After the United States purchased the Louisiana Territory in 1803, President Thomas Jefferson sent Meriweather Lewis and William Clark along with the Corps of Discovery to see what he bought (what happened to "drive before you buy" eh?). Besides a grueling journey, there were other major problems - no one spoke Native American dialects or knew the land. Enter Sacajawea, the talented translator and gallant guide!
Born in 1788, her name meant "bird woman" in Shoshone and the journey westward definitely would not fly without her. When Sacajawea was just 15 a French fur trapper named Toussaint Charbonneau bagged the ultimate catch when she was promised to him as a result of a bet. Who said you couldn't gamble with love? They were married and soon expecting child (probably not ideal in her mind).
In 1804, Lewis and Clark stopped in the village to inquire about translators and guides. Sacajawea's new husband volunteered her to help the Corps of Discovery navigate the Rockies and interpret the languages of other tribes. Talk about awkward, Sacajawea would now have to translate "This land is now part of the USA and Thomas Jefferson is the Great Father."

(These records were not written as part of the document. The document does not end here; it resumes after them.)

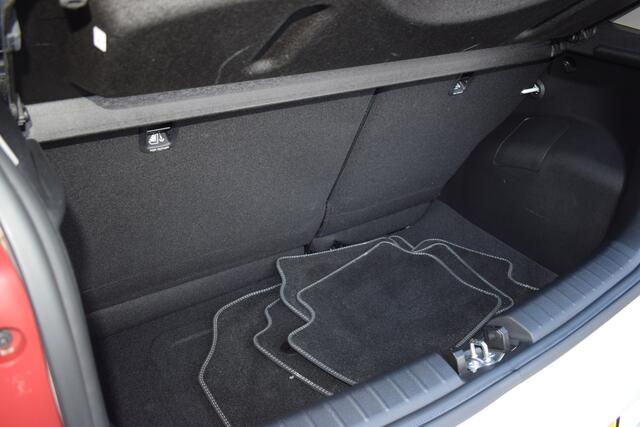 KIA PICANTO 1.0 DPi GT-Line | Ledere bekleding | Climate Control | Cruise Control | Tot 10jr. Kia garantie |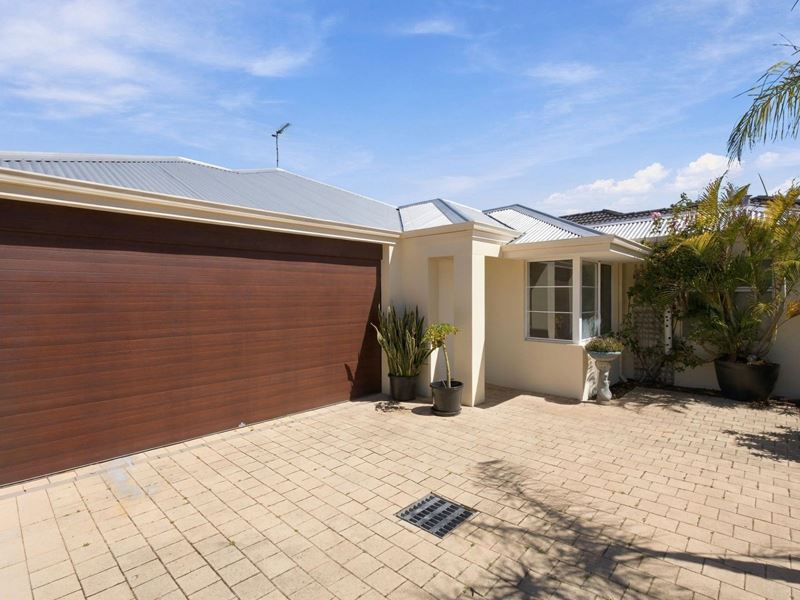 13 Myimbar Way, Nollamara WA 6061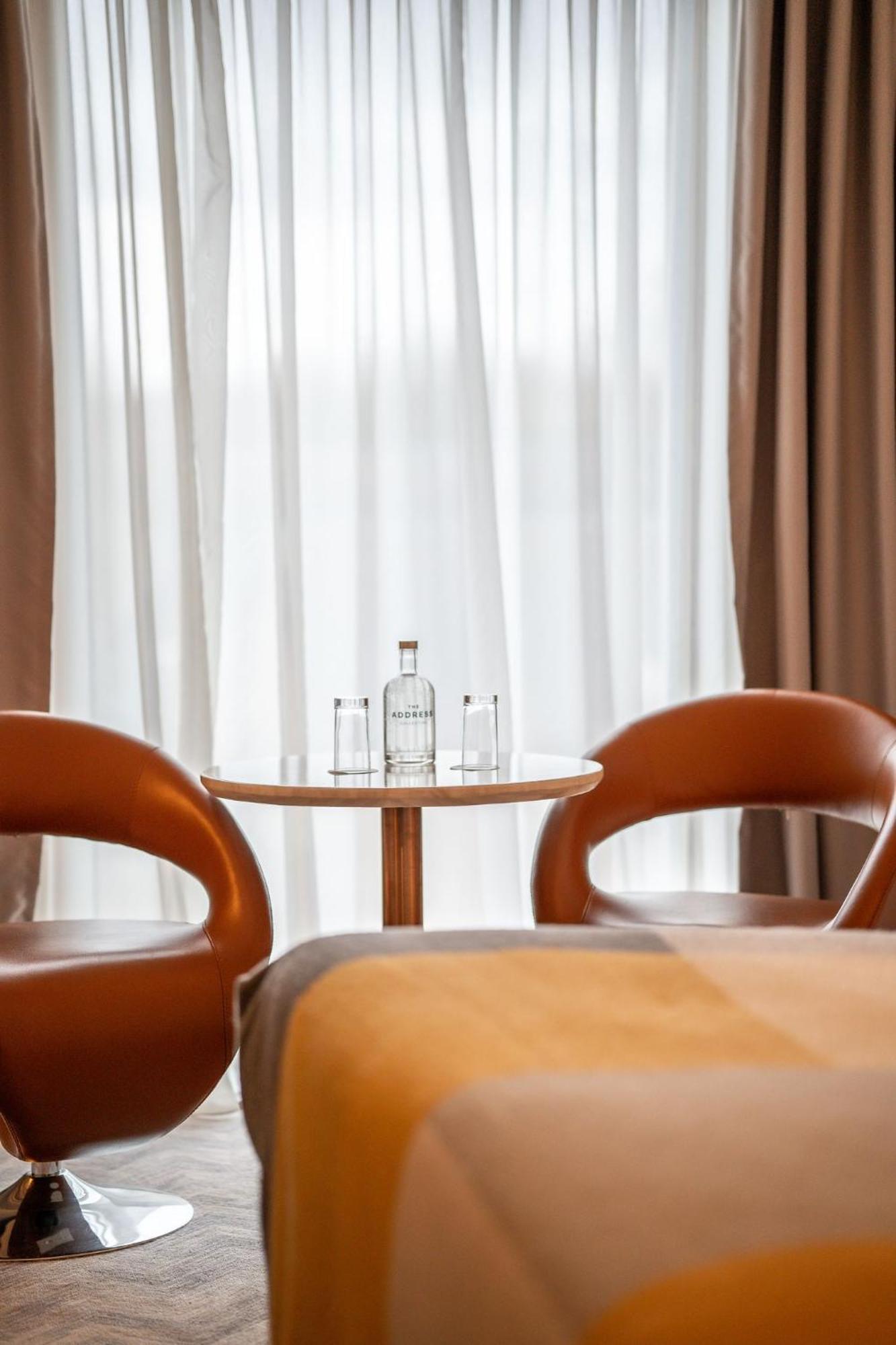 The Address Citywest Bagian luar foto
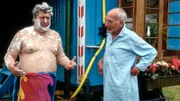 Komplett eingeseift taucht Nachbar Paschulke (Helmut Krauss, l.) in Peters Garten auf. Ihm wurde das Wasser abgeschaltet, jetzt muss er dringend bei Peter (Peter Lustig, r.) duschen.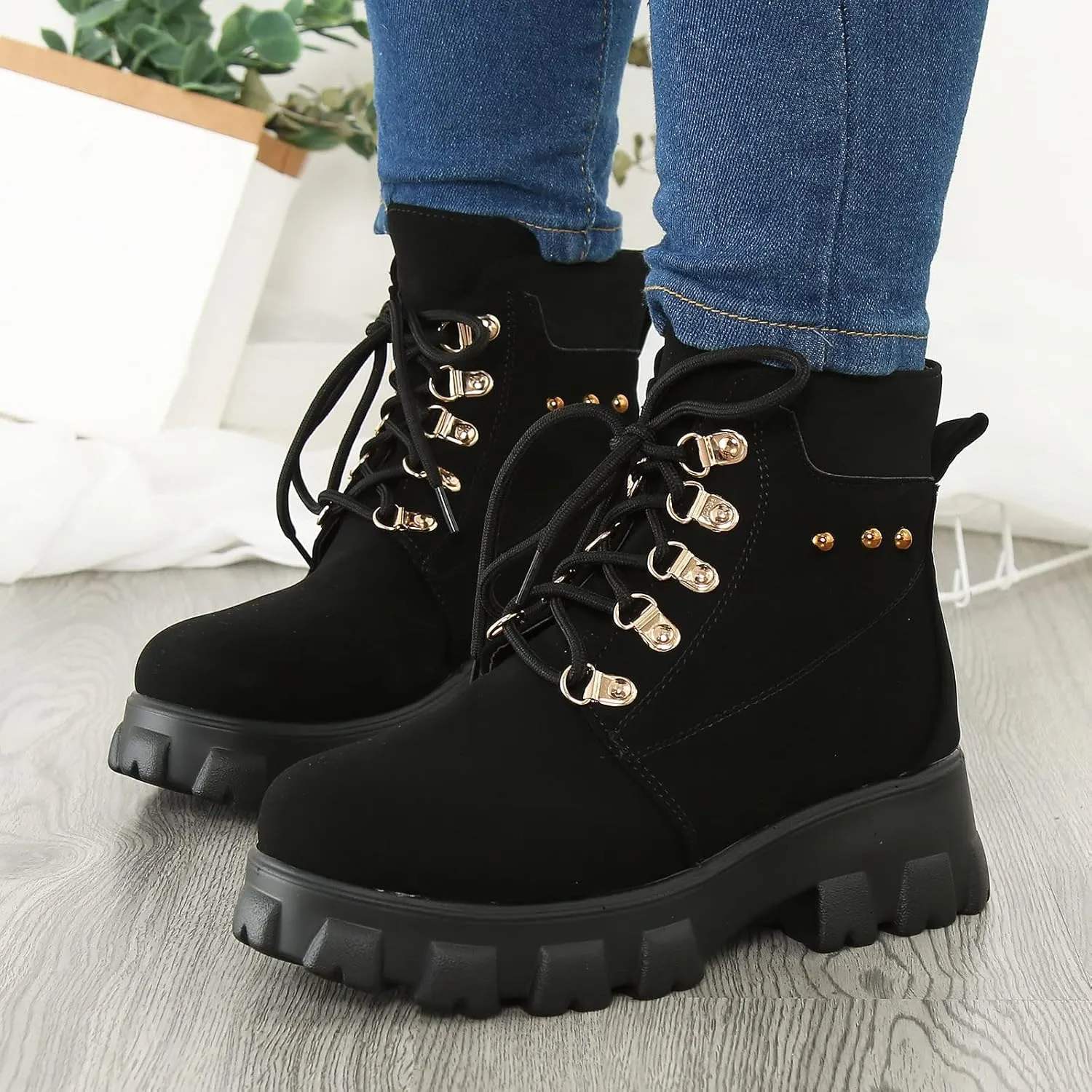 Womens Boots Fashion Casual Solid Color Lace Up Round Toe Boots for Women Lug Sole Non Slip Cozy Ankle Boots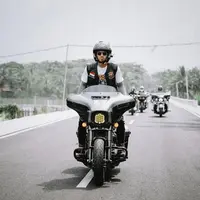 Arya Saloka sibuk touring bareng geng motor [instagram/arya.saloka]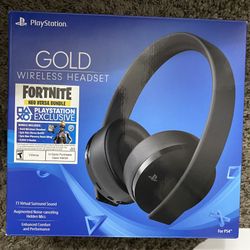 PS4 Gold Wireless Headset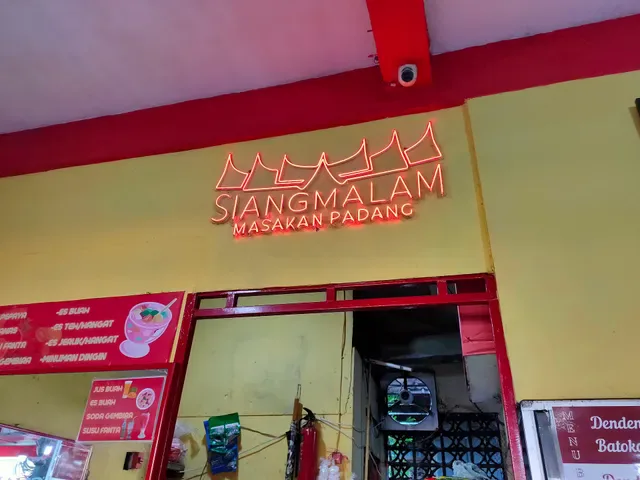RM. Siang Malam, Masakan Padang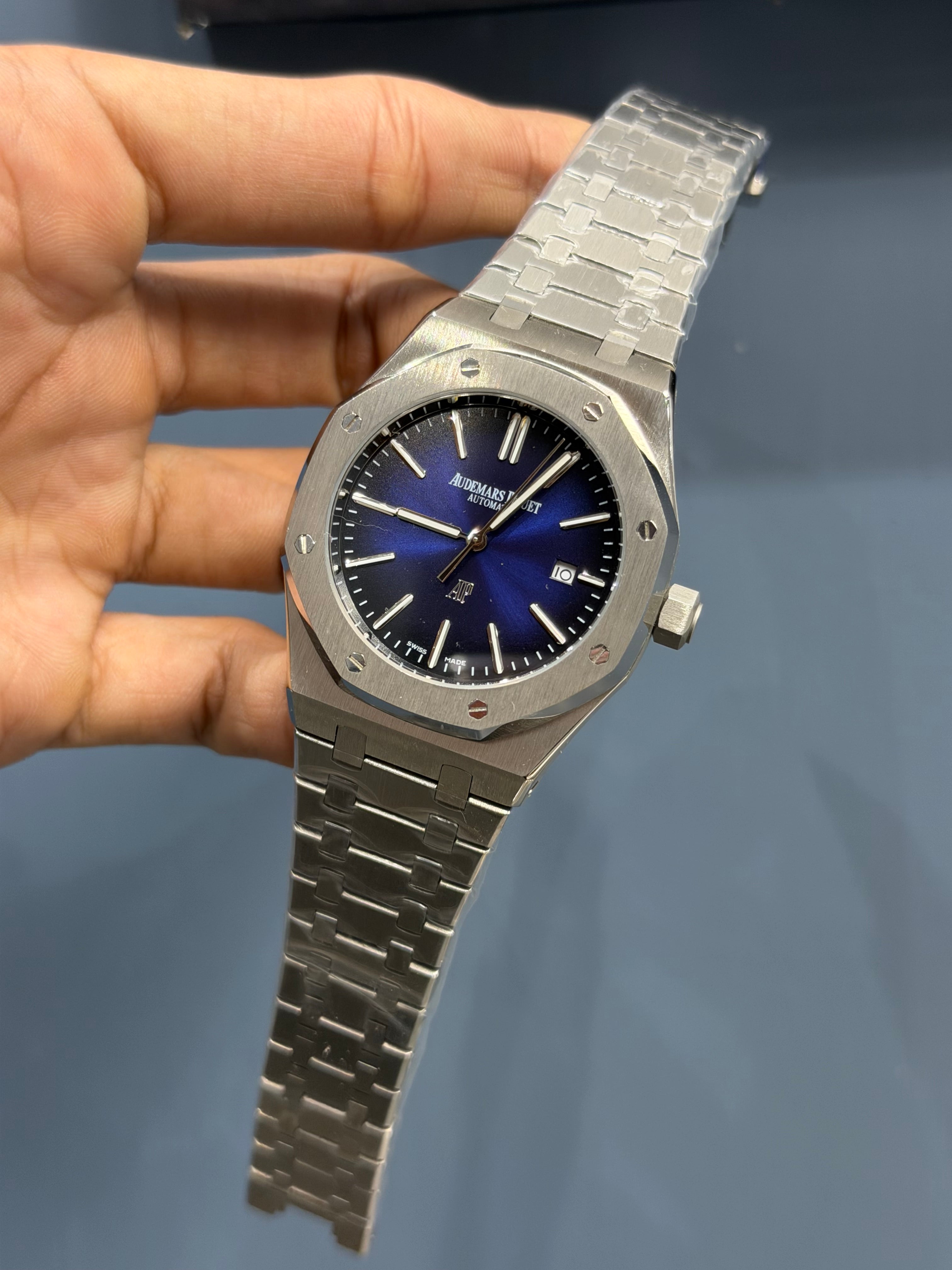 NEW COLLECTION SILVER WITH BLUE DIAL CHAIN WATCH FOR MEN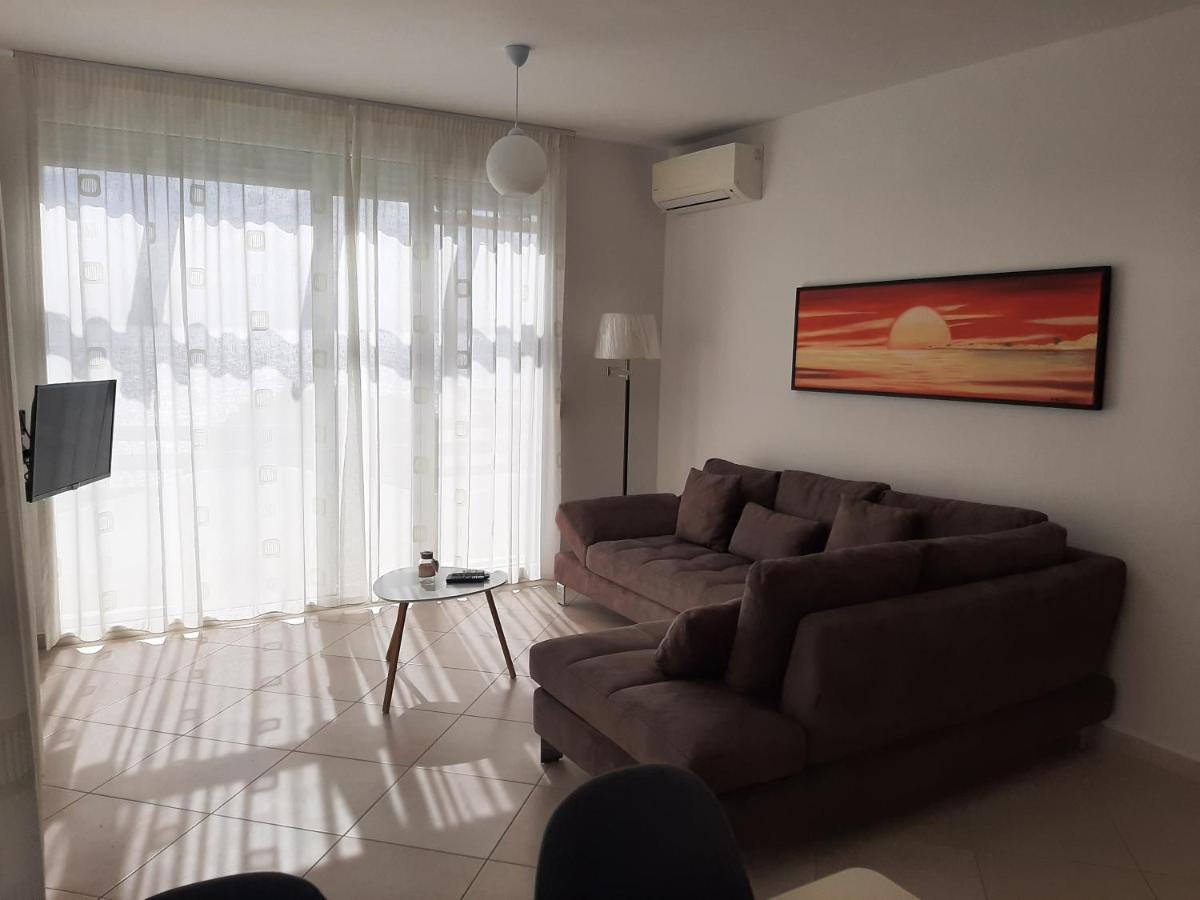 Kela Apartment 3 Sarandë Buitenkant foto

"Can we pull over at the next stop to use the bathroom?" was a phrase not heard on this trek. In multiple journal entries Lewis and Clark praised the young Sacajawea for never complaining and keeping pace with the other members. Hold up the "Baby on Board" placard because Sacajawea was 16 & pregnant (now her story is a reality show worth watching) at the beginning of the journey and gave birth to baby Jean Baptiste along the way! She hiked, paddled, pushed (a baby), climbed and swam for almost a year. Those are the kind of tales get Sacajawea trending for a #WomanCrushWednesday.
Oh you're doing a kale master juice cleanse paleo ancestral diet!? Sacajawea was in the paleo game long before it became en vogue. She saved the entire crew from starving during winter when she boiled up some delicious low carb roots. So next time you think your barefoot walk to Whole Foods is arduous, try strapping a baby to you at 10,000 ft. while trouncing through the snow and foraging for sustenance. #SacajaweaStrong
In Montana, Sacajawea again proved her worth when a boat capsized carrying instruments, maps and supplies. Sacajawea jumped in and pulled out all of the valuables while she had her baby strapped on her back in a papoose! The loss of the drawings, journals and maps would have rendered the entire trip useless - thanks Sacajawea!
Sacajawea's death has caused some controversy in the years since. Some say she died in 1812 of typhus while living in St. Louis. Yet other sources state that Sacajawea grew discontent with the marriage and left her husband, Charbonneau, a la Diana and Charles. After her divorce, Sacajawea allegedly departed from St. Louis and headed across the Great Plains to marry a Comanche man where she died fifty years later in 1884 in Wyoming.
While her exact resting spot remains a mystery, her heroism and importance to the Corps of Discovery are not lost. To honor her spirit and sacrifice, the American government made sure that Sacajawea can always be found, that is, on the U.S. dollar coin.